Kolkata Day Two

I take a taxi to Kalighat, one of Kolkata’s most sacred sites.

As so often in India – as in the world – the near­er one draws to the sacred, the more like­ly one is to trip over the pro­fane. Accord­ing to a young man in my hotel, twen­ty-one rupees is the aus­pi­cious and suf­fi­cient sum to pay one of the many local guides cer­tain to mate­ri­al­ize upon my arrival at the Kali Tem­ple.

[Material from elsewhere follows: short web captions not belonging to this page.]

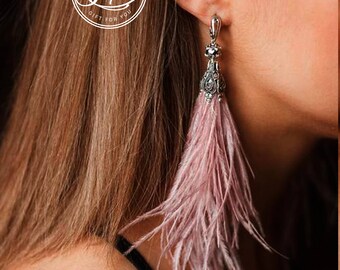 Blush pink Ostrich feather earrings blush Fluffy Earrings Sister of bride earrings Tassel jewelry Long Fringe Statement Earrings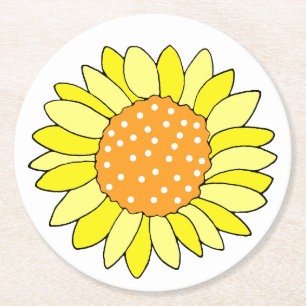 Hand Drawn Sunflower Ronde Kartonnen Onderzetter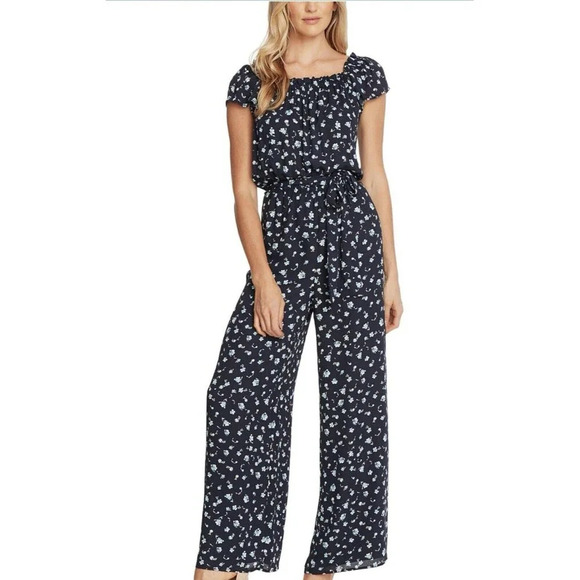 CeCe Women’s Blue Square Neck Scattered Floral Jumpsuit Size 4 - Picture 1 of 13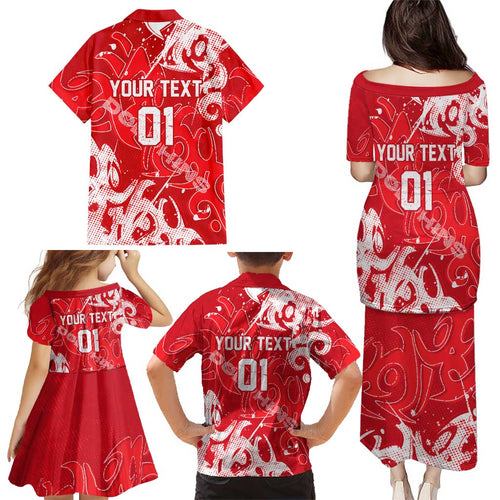 Personalized Dolphins Rugby Family Matching Puletasi and Hawaiian Shirt Urban Street Graffiti Style - Distressed Splatter Elements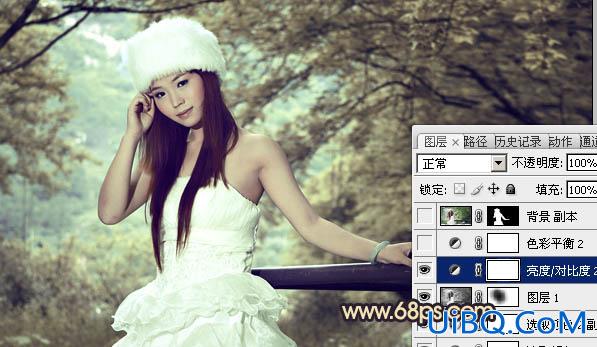 ps处理外景婚纱照片柔和的灰调黄蓝色
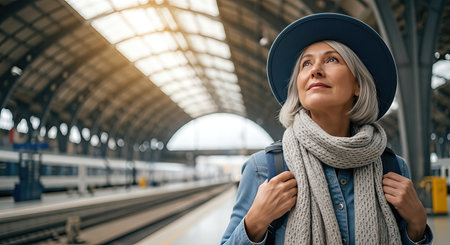Woman with silver hair, wearing a blue hat and scarf, stands at a bustling train station, looking up with a sense of wonder and excitement for her journeyの素材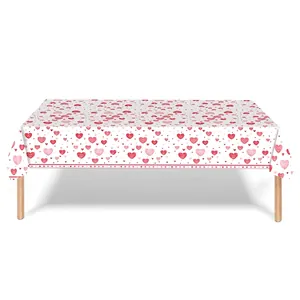Valentine's Day heart pattern disposable tablecloth for festive party decoration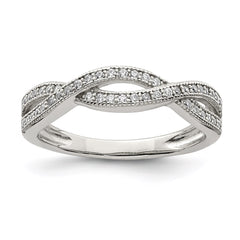 Sterling Silver Rhodium-plated CZ Ring - 5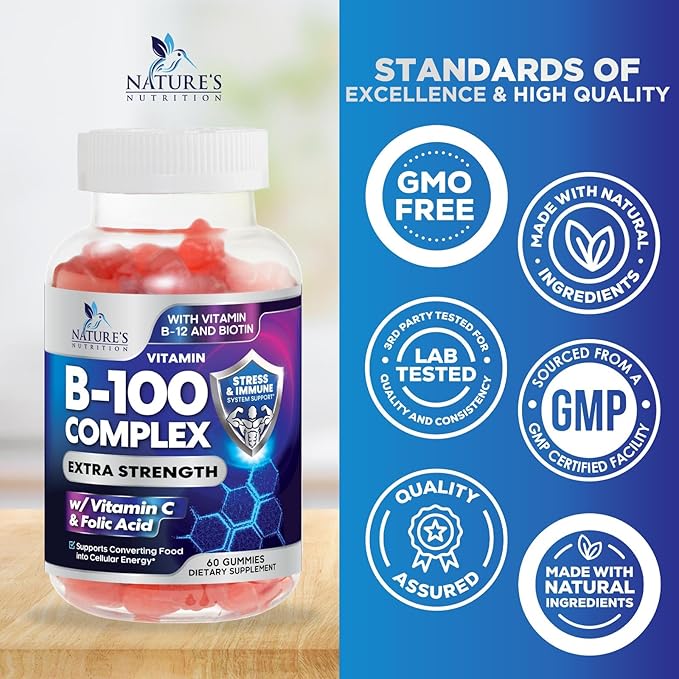 B Complex Gummy with Vitamin C & Folic Acid, Extra Strength Vitamin B Gummies Supplement with Niacin, B6, Folic Acid, Super B12, Biotin, Nature's Energy Immune Support Supplements - 60 Gummies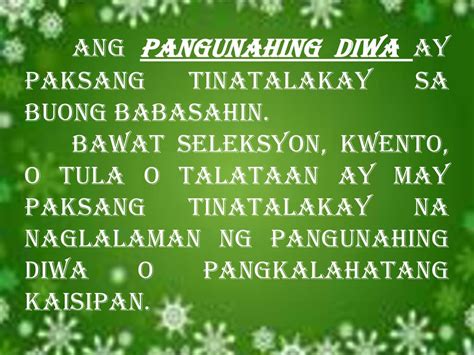 Naibibigay Sa Sariling Pangungusap Ang Pangunahing Diwa Ng Binabasa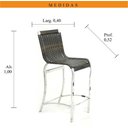 Ver imagem 2 de Kit 5 Banquetas Haiti - Cadeira Alta - Alumínio + Fibra Junco Sintético
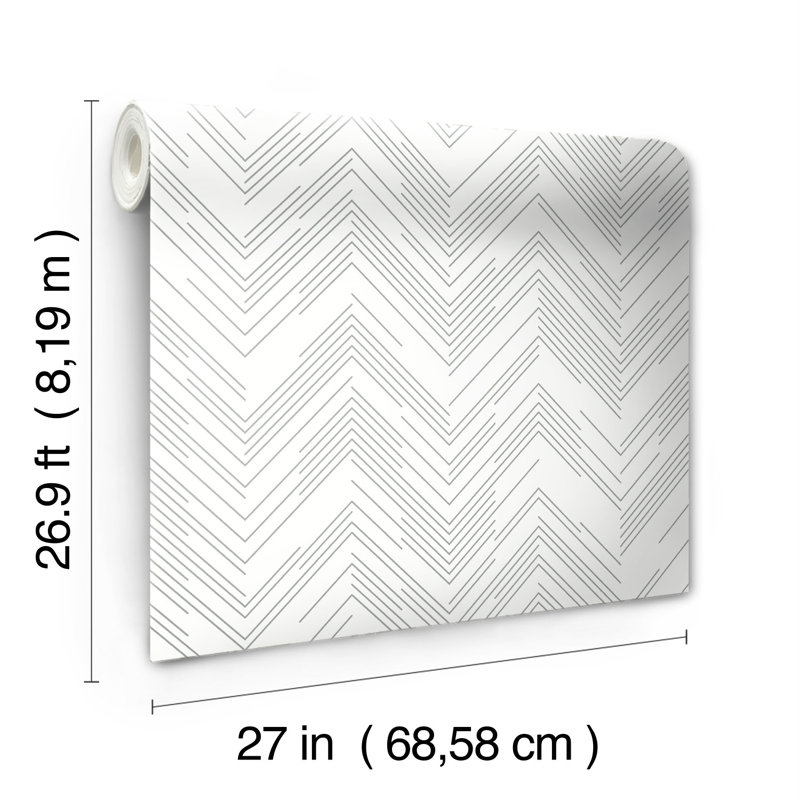 Chevron Metallic Wallpaper Roll, White/Silver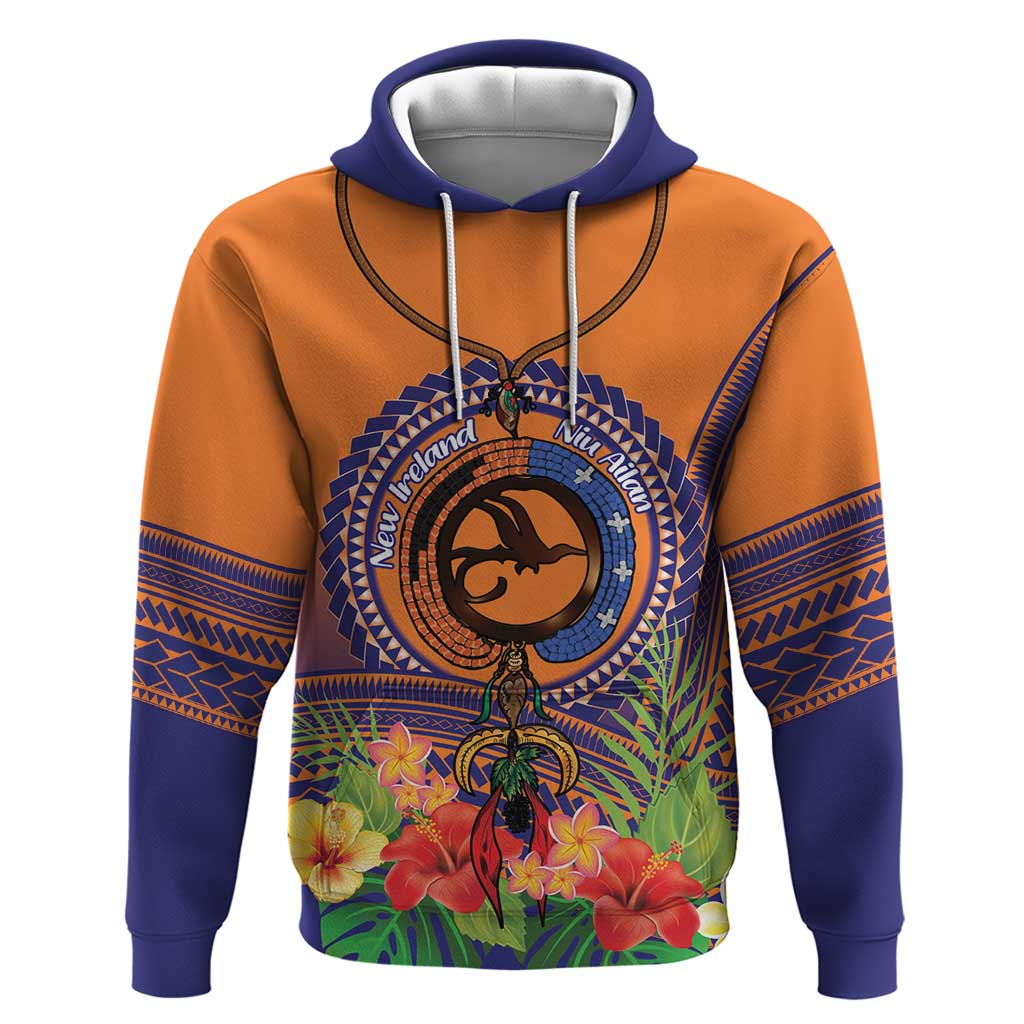 PNG New Ireland Province Zip Hoodie Niu Ailan Necklace Polynesian Tattoo LT14 Pullover Hoodie Orange - Polynesian Pride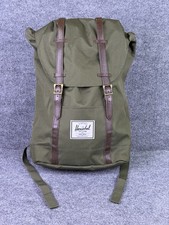 Image of Herschel Supply Co Retreat Black Travel Backpack Padded Laptop Bag Olive Green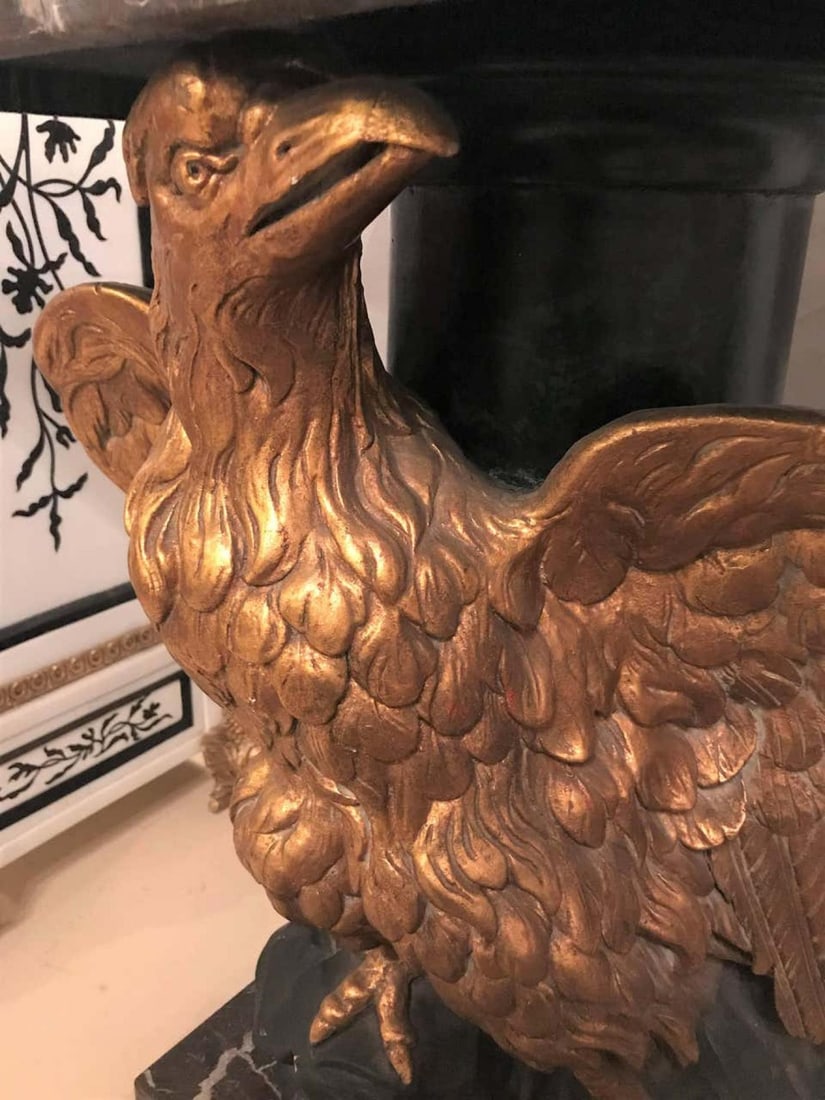 Large Gilded Eagle Marble-Top Console or Pedestal - 9
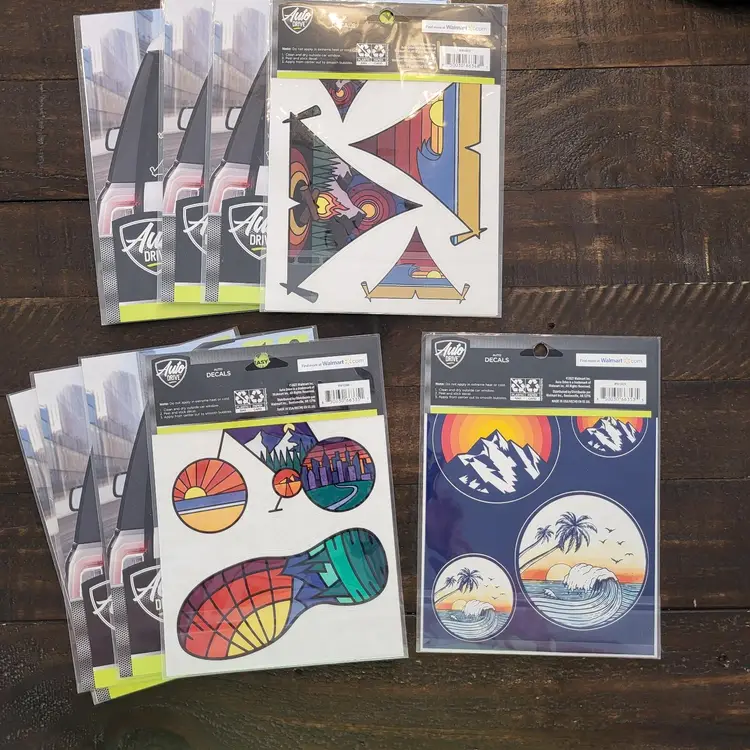 Auto Drive Auto Decals - Travel, Running, Biking, Camping - 9 Packages NEW Unopened (28 total decals)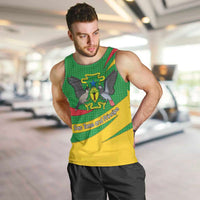 Sao Tome and Principe National Emblem Men Tank Top with Green Yellow Flag Pattern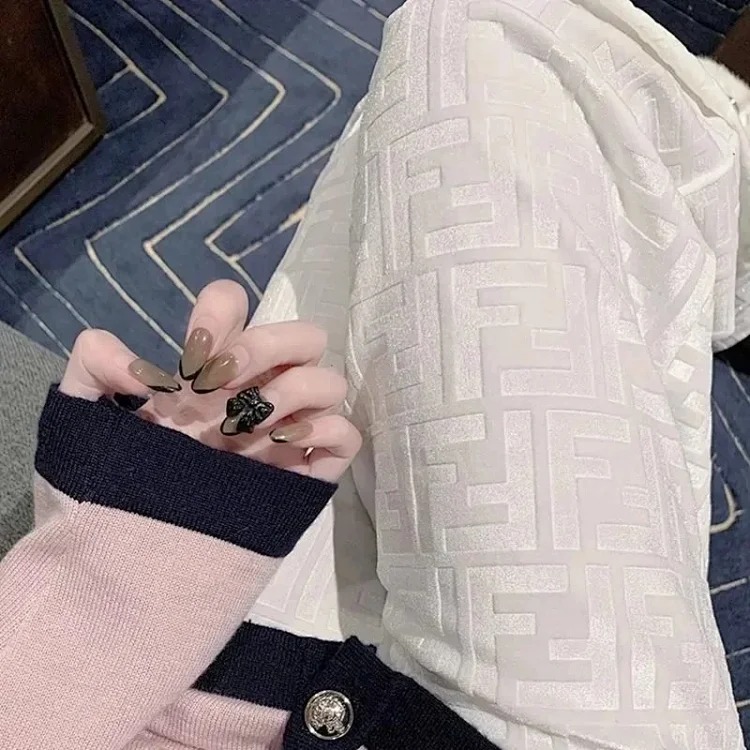 Wide-leg pants with double F letters for women in autumn, loose and loose casual , so handsome that they hit the street-CY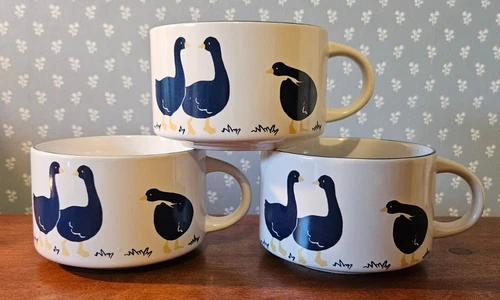 Vtg Goose Soup Mug Cup Blue White Set of 3 14oz Country Duck Geese Large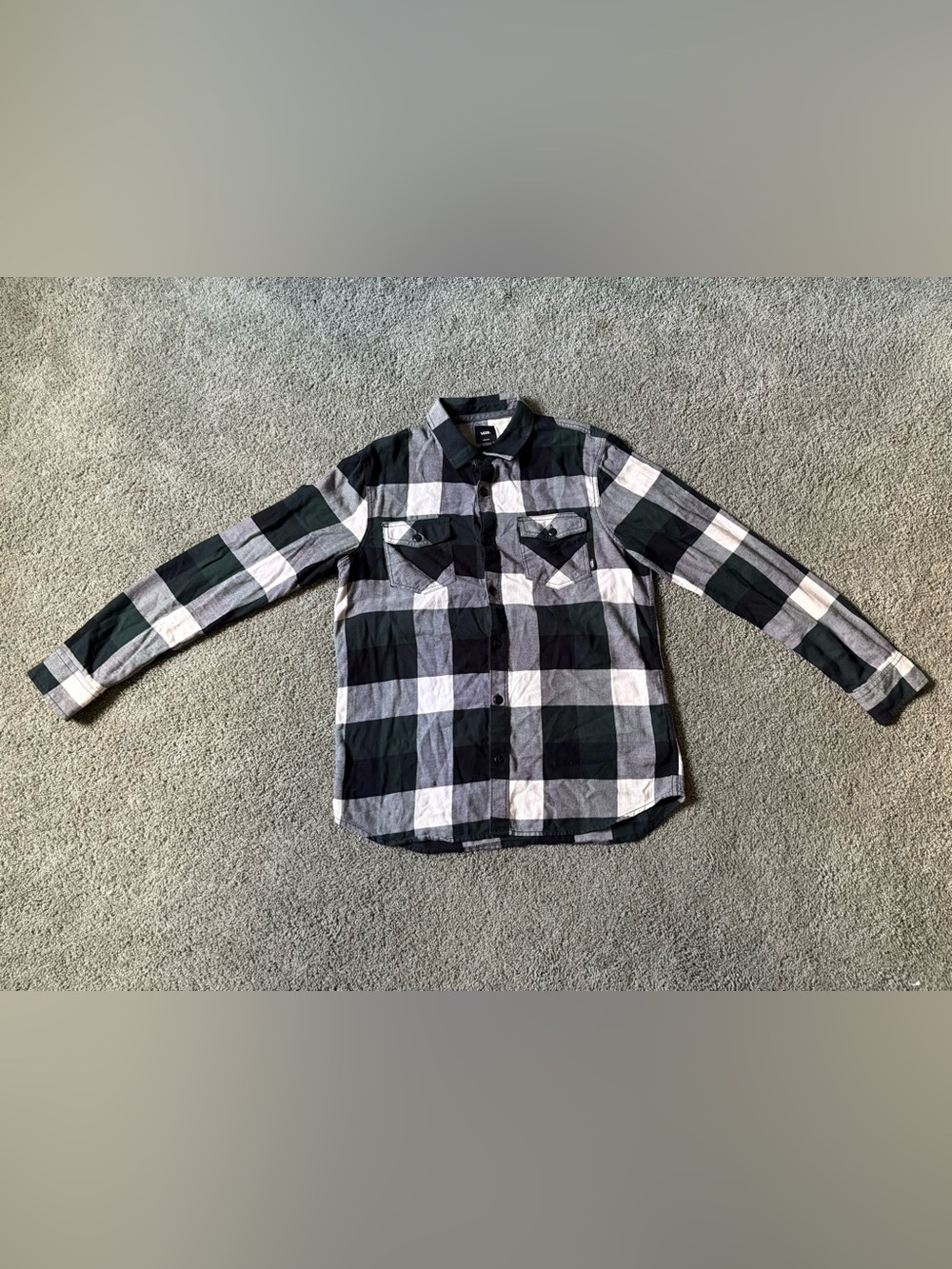 Vans Box Flannel Button Down Shirt Tailored Fit Mens Size M Black White Green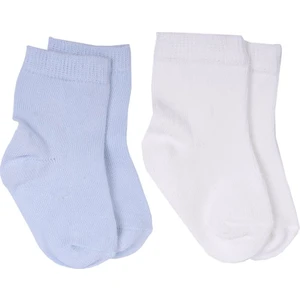 Kiti Kate 95675 2'li Organik Bebek Çorabı Ekru - Mavi 18 - 24 Ay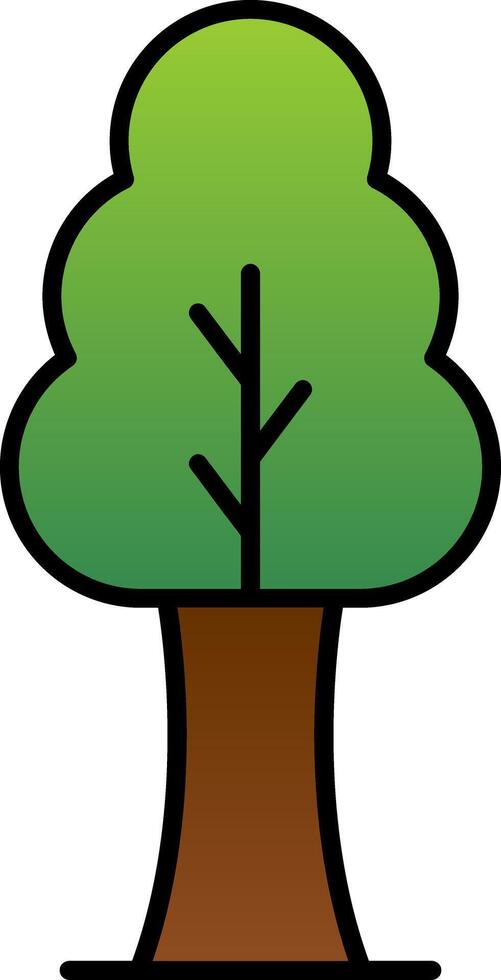Tree Line Filled Gradient  Icon vector
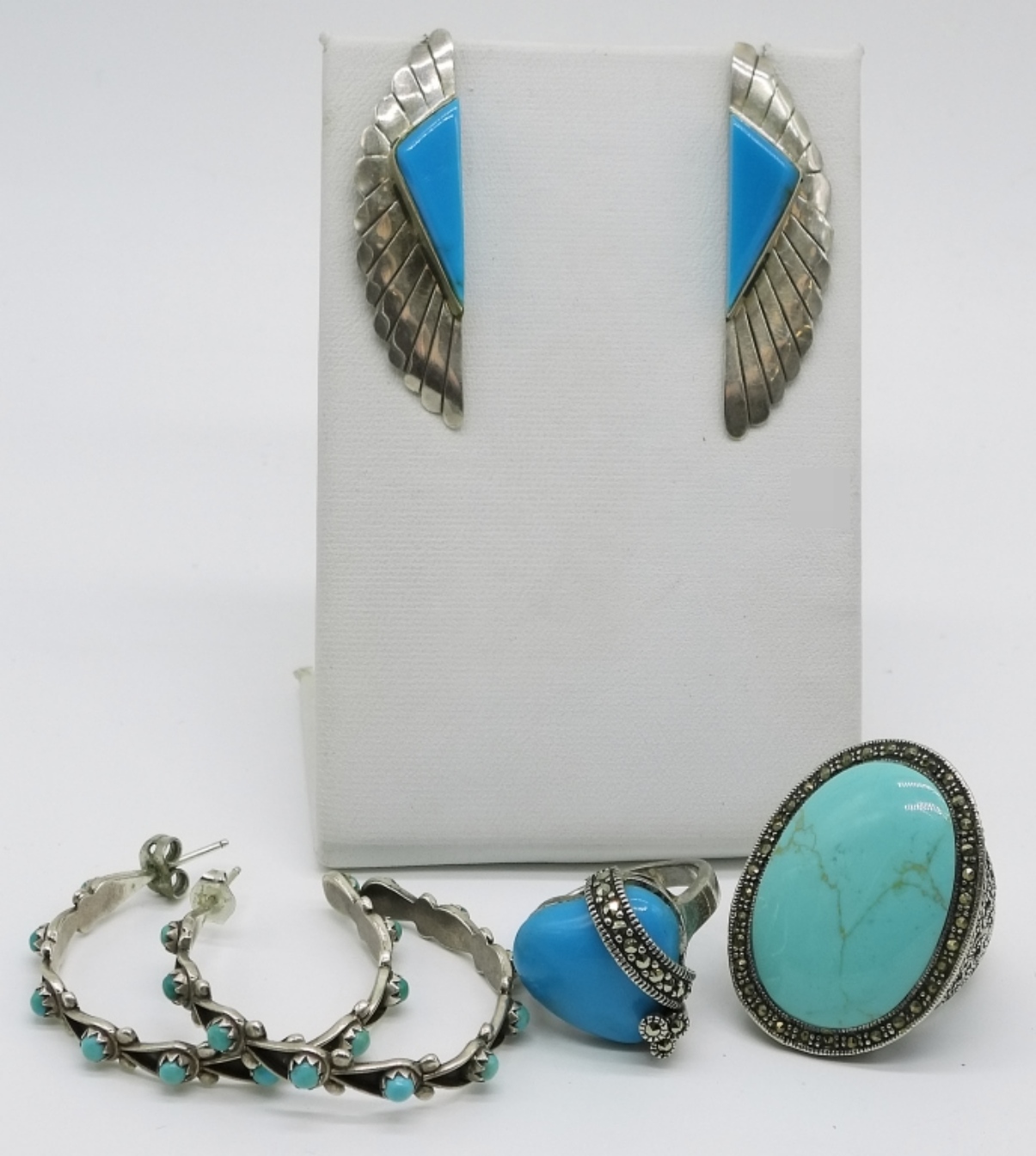 Turquoise Sterling Jewelry Lot, 4 Pieces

So as I dis­card my shoes and plunge into the com­plex, accom­pa­nied by a grin­ning guide, I slip the tiny sum into my pocket.

Enter­ing the tem­ple, my brow is dyed at a shrine where moth­ers pray for sons. Next I’m led to a place where, moments ear­li­er, a goat was slaugh­tered. Paint-red blood drips on the walls and floor, and I watch two men carve the beast into tasty strips. Hav­ing per­ished pro­pi­ti­at­ing Kali, the goat will now serve to feed the local poor.

Omi­nous­ly, I’m warned to watch for thieves and “wicked char­ac­ters,” as we move into the inner sanc­tum of the tem­ple. I will only have a moment to cast my offer­ing to the god. “But hold your wal­let,” my guide says, and then orders me to throw my flowers.

Hav­ing sat­is­fied the god, I’m led through the tem­ple to a sacred tank, where I am to pray for my fam­i­ly back home, and lay a gar­land round the neck of anoth­er stone divin­i­ty. This I do with due solem­ni­ty, but then the metaphor­i­cal sky black­ens. I have been here before, in oth­er times and places, and my heart sinks with the mem­o­ry of oth­er tem­ple male­fac­tors. Now, I’m told with ris­ing men­ace, I must make a dona­tion of 5000 rupees.

5000 rupees now! Else a life­time of bad luck awaits you, friend…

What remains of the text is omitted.